One criticism leveled at the federal Budget was economic forecasts presented by treasury were far too optimistic, allowing the Budget position in the forward estimates to appear far stronger than what underlying economic conditions currently suggest.
One forecast in particular – wages growth – attracted more attention than most. In the budget treasury forecast wages will increase by 2.5% over 2015/16 before accelerating to 2.75% in 2016/17. These figures, far higher than the 2.3% record-low rate seen in the ABS’ wage price index released last week, saw estimates for household consumption and income tax receipts improve as a consequence.

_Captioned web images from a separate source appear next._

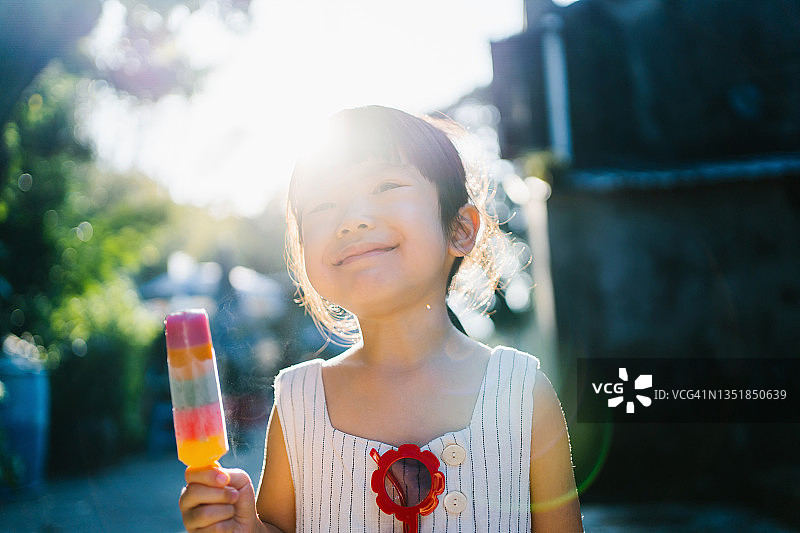 快乐的亚洲小女孩戴着红色太阳镜，在炎热的夏日户外吃着五彩缤纷的冰棒，站在有树木和天空的自然景色前图片素材
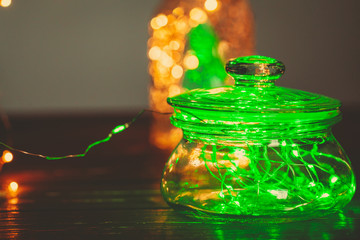 Green garland with light bulbs put in glass storage jar
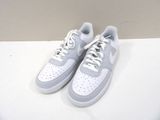 pair of white and grey sneakers on a white surface with a wall in the background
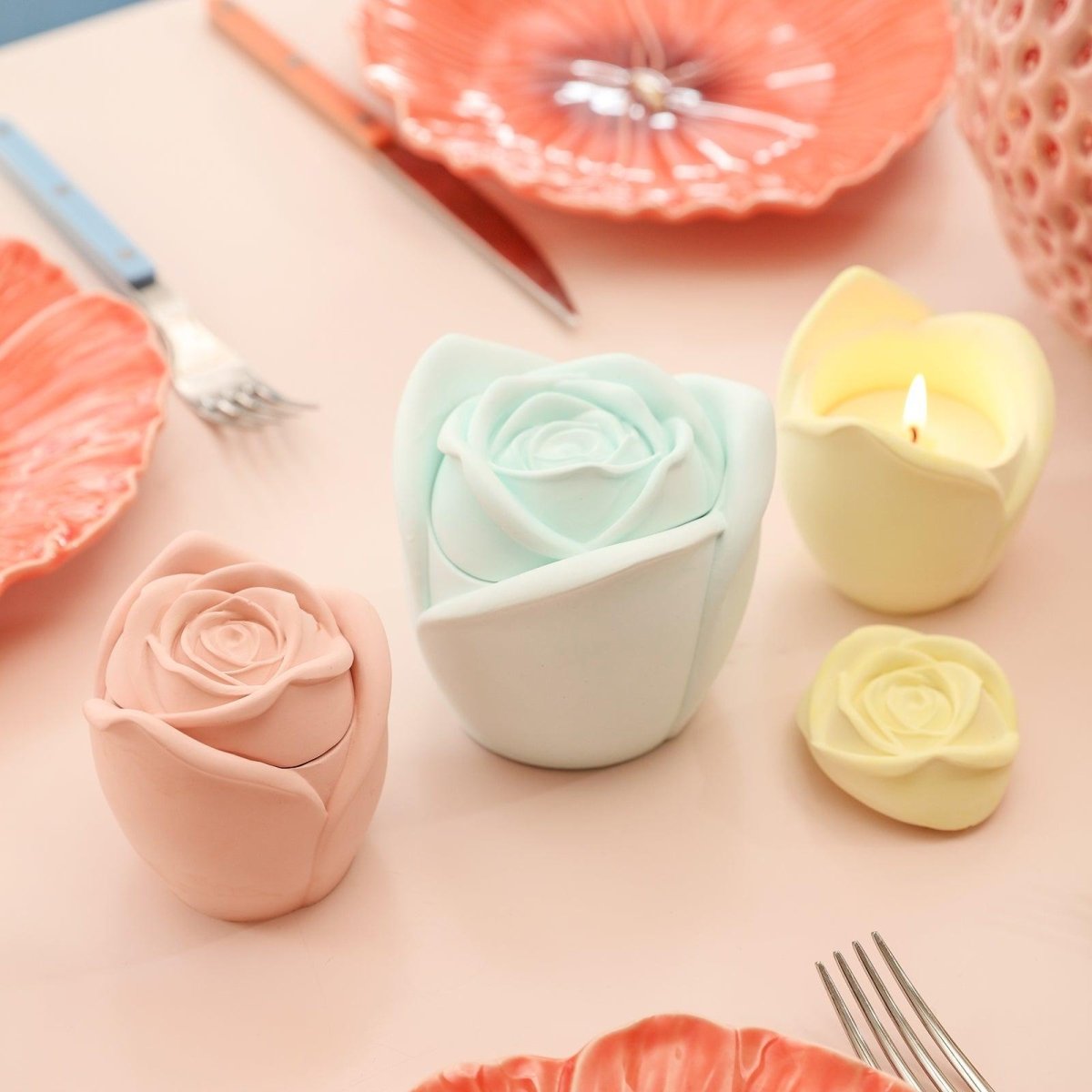 The yellow, pink, and cyan Rose Reverie Candle Jar is placed on the table, and the candles in the yellow candle jar are burning slowly-Boowan Nicole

While the treasury forecasts may prove to be correct, there are several domestic labour market indicators at present that suggest wages growth of 2.5%, let alone 2.75%, may be hard to achieve in the years ahead.
CBA, in a research note released earlier today, suggests spare capacity within Australia’s economy – unused or underutilised resources – will keep a lid on wages growth below trend for some time yet.

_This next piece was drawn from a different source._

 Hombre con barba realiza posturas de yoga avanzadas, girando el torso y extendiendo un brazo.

The researchers at CBA offer three reasons why this is likely to occur.
First, a more flexible labour force enables firms’ greater scope to limit wages growth due to slackness in the labour market. It may be that workers are willing to take lower wages growth for job security.
Second, the underutilisation rate has risen faster than the increase in the unemployment rate meaning that the change in the unemployment rate alone is not fully capturing the lift in spare capacity in the labour market.
Third, job security fears have risen substantially over the past two years. Employees are less likely to look to negotiate a pay rise while job security fears are elevated. Finally, the AUD has not fallen by as much as the decline in the terms-of-trade which means that nominal income growth has been more supressed across the economy than would have otherwise been the case.
Benign wages growth, what the CBA are suggesting, is also likely to keep a lid on inflation and, as a consequence, the outlook for interest rates.
“In our view, the unemployment rate is likely to stay above 6% over the next year which is a fair bit higher than the estimated NAIRU (non-accelerating rate of inflation) of 5.3%. That means that there will be a material amount of spare capacity in the Australian economy which should see wages growth remain modest and inflation well contained. For rates, that means the RBA is almost certain to keep monetary policy highly accommodative. Our base case has the RBA on hold over the next year, but the risks are titled towards further easing”.
While downward revisions to the budget’s fiscal position are nothing new — they’ve been more common than not in recent years — it appears that even before the 2015/16 fiscal year has begun the bar to merely meet expectations is looking increasingly high.